Online purchases still only make up 5% of Indonesia’s total retail transactions. Every popular platform sees this as an opportunity to secure paying users who hopefully become repeat customers.

“For social media apps, the frequency and screen time of users is a benchmark in developing products. These apps have helped online sellers build brand awareness. Now that they are expanding into e-commerce, they should be able to help sellers convert that awareness into sales transactions because this is what matters most to sellers,” said Bima Laga, chairman of the Indonesian e-commerce Association (IdEA).

So far, the field is wide open. Every platform has an equal opportunity to tap into the Indonesian market. With more players streaming in, there will be more options for consumers, and sellers can expand their business presence, Laga added. But one thing makes TikTok Shop’s format (and others like it) stand out.

“Livestreaming is one of the most effective promotions for sellers because sellers can communicate directly with potential consumers,” Laga said. The directness and immediacy shared between a seller and a potential buyer is an experience that cannot be reproduced by marketplaces with infinite aisles for browsing.

Major platforms like Tokopedia, Shopee, and Lazada also have livestreaming features, but TikTok has a unique advantage in a wealth of content that yields a high engagement rate, giving the platform opportunities to turn users into buyers. TikTok users in Indonesia are very receptive to advertising, as 90% follow calls to action after viewing videos that promote products they like, according to TikTok’s own “Ramadan Insights 2021” report.

TikTok works with Ovo and Dana for digital payment methods. Screenshot of the TikTok app.

TikTok’s advantage

Let’s be blunt: it is easy to become hooked on TikTok. Unlike social media platforms that provide recommendations based on networks of friends and what accounts a user follows, TikTok serves up a viewing experience that often involves creators you may not have known about before. This process of discovery that intersects with a user’s interests as determined by ByteDance’s algorithms is what makes the platform stimulating enough for some people to spend hours on it each day.

In particular, TikTok’s “For You” feed delivers an endless set of content that is meant to align with an individual user’s preferences, and this is what you see when the app is launched, rather than a feed of videos from accounts that you follow. For creators, TikTok’s arrangement of content gives them exposure beyond their follower base. The reasoning behind this is TikTok’s video features are rooted in meme culture, and the clips are disseminated in often unpredictable ways.

TikTok has grown into one of the most popular apps in the world, with over 2 billion downloads on the App Store and Google Play. In Southeast Asia, the platform has racked up more than 360 million downloads, nearly half of them in Indonesia, with 151% growth year-on-year for 2020, according to data compiled by Sensor Tower.

On average, users spend 52 minutes per day on the app. With that amount of attention already captured by TikTok, it makes sense for the company to open up a new vertical in e-commerce. Anyone with a consistent set of products to sell can capitalize on TikTok’s rich and diverse content to engage a large and active audience, and maybe even build a community around their products.

Gen Z and millennials need to be on board for these developments to take place, and TikTok’s delivery of videos and livestreams match their pace and expectations. The top five online activities in Southeast Asia are social media, messaging, video streaming, gaming, and e-commerce, according to a report published by Facebook and Bain & Company.

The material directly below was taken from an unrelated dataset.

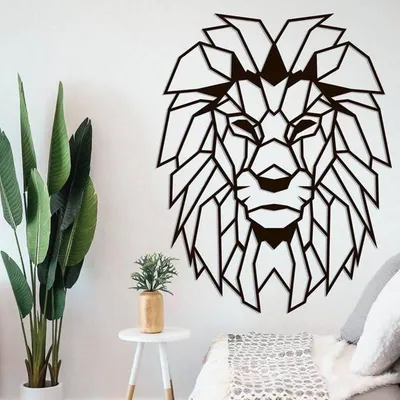 Lion Metal Art, Wild Wall Art Set of 1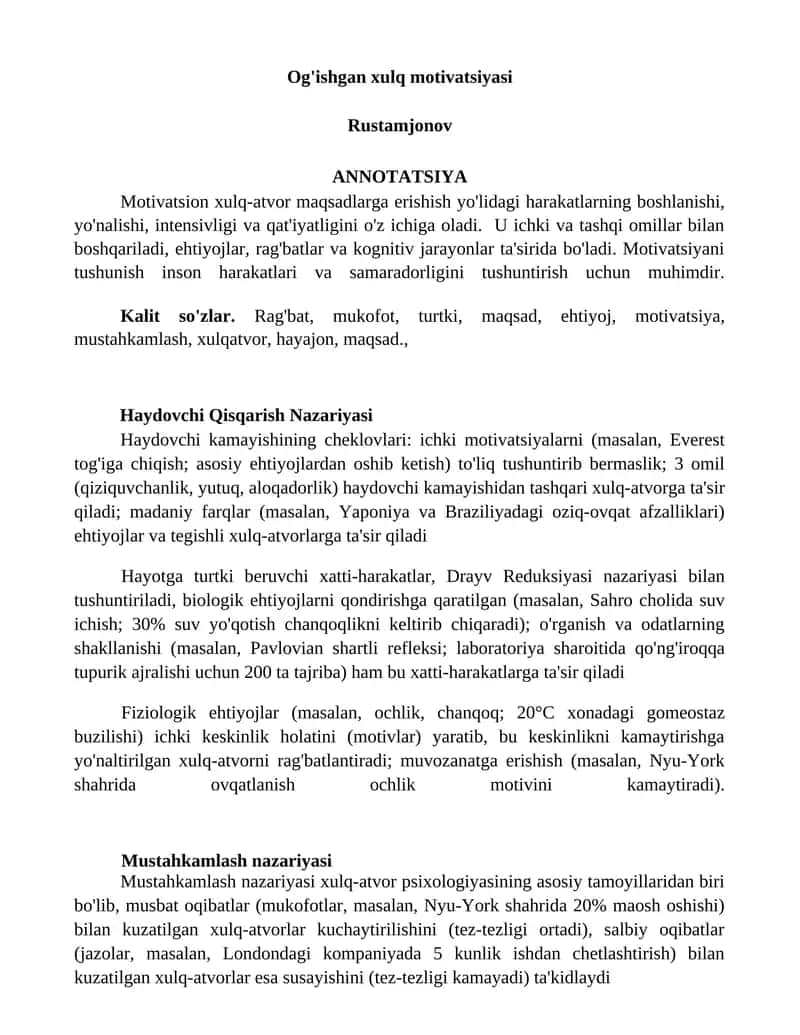 Og'ishgan xulq motivatsiyasi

“Indonesian consumers have a high tendency to be exposed to promos and make interactions through those activities,” IdEA’s Laga said. “There is currently no data on conversion rates from video exposure to purchase transactions. However, when users watch livestreams on e-commerce platforms, they usually have the intention of buying products.” Rolling out this feature during Ramadan, when Indonesians often engage in online shopping sprees, may have been perfect timing for TikTok Shop.